**Directions for this task**
When you write out the listing below, keep each word exactly as it stands and drop the pictures.

**Source material**
====
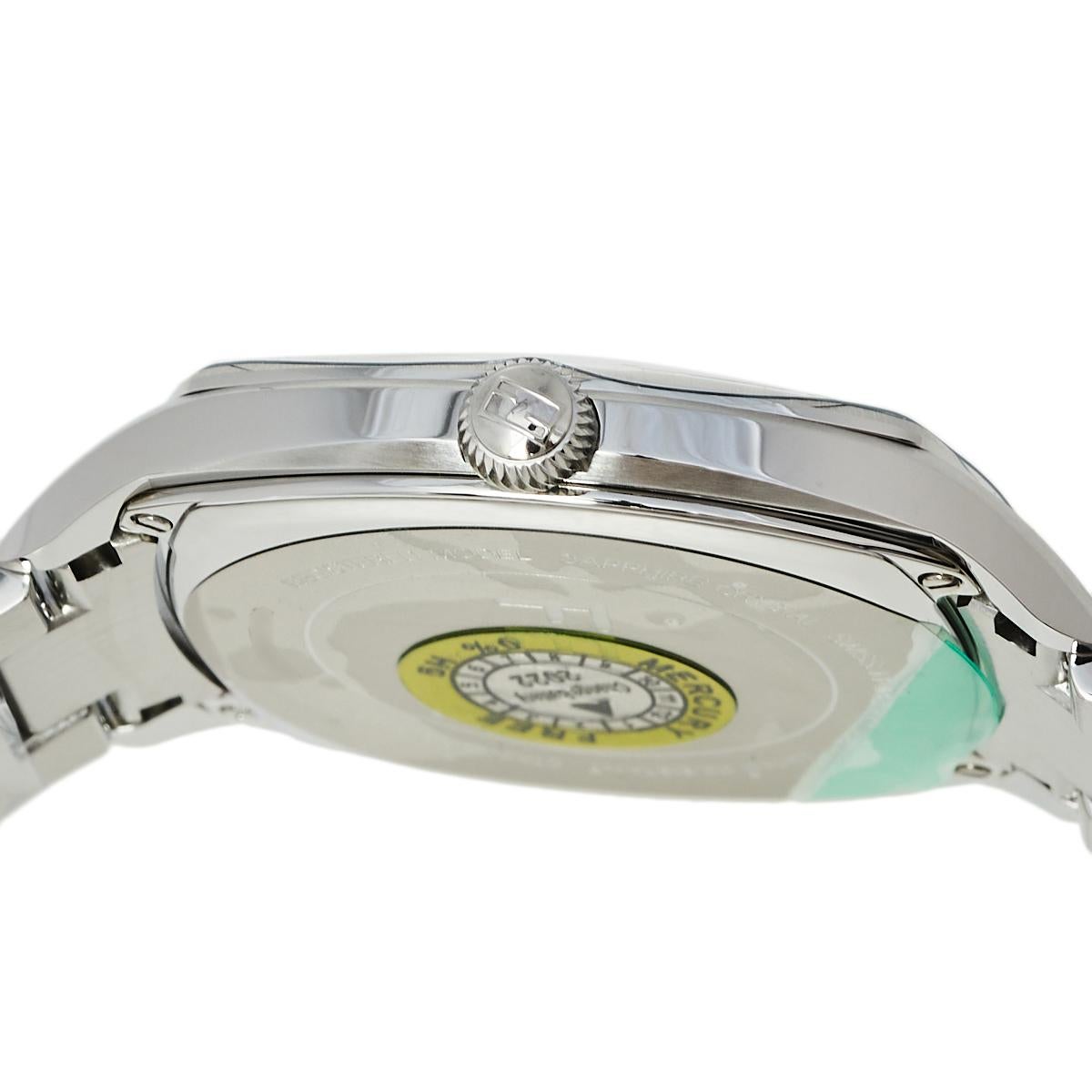 Fendi Blue Stainless Steel Momento 22000L Women's Wristwatch 39 mm In New Condition In Dubai, Al Qouz 2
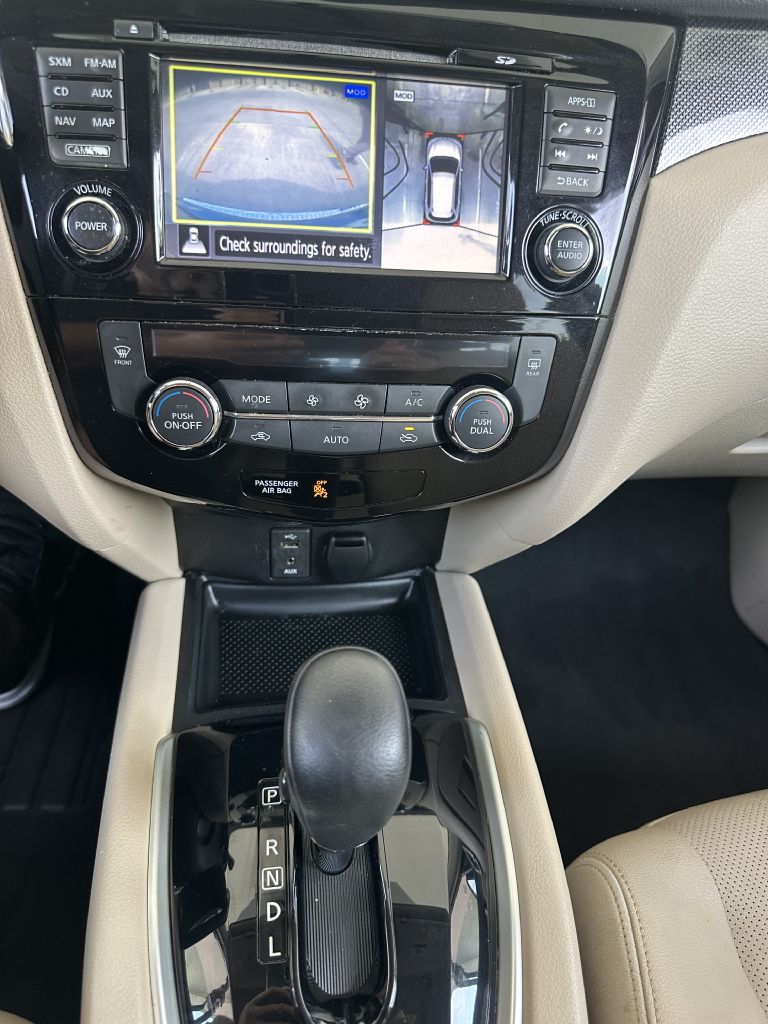 Photo 6 of this NISSAN ROGUE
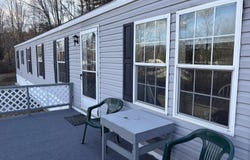 64 County Road, Springfield, VT 05150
====
**Solution below**
 Fendi Blue Stainless Steel Momento 22000L Women's Wristwatch 39 mm In New Condition In Dubai, Al Qouz 2
 Photo 6 of this NISSAN ROGUE
 64 County Road, Springfield, VT 05150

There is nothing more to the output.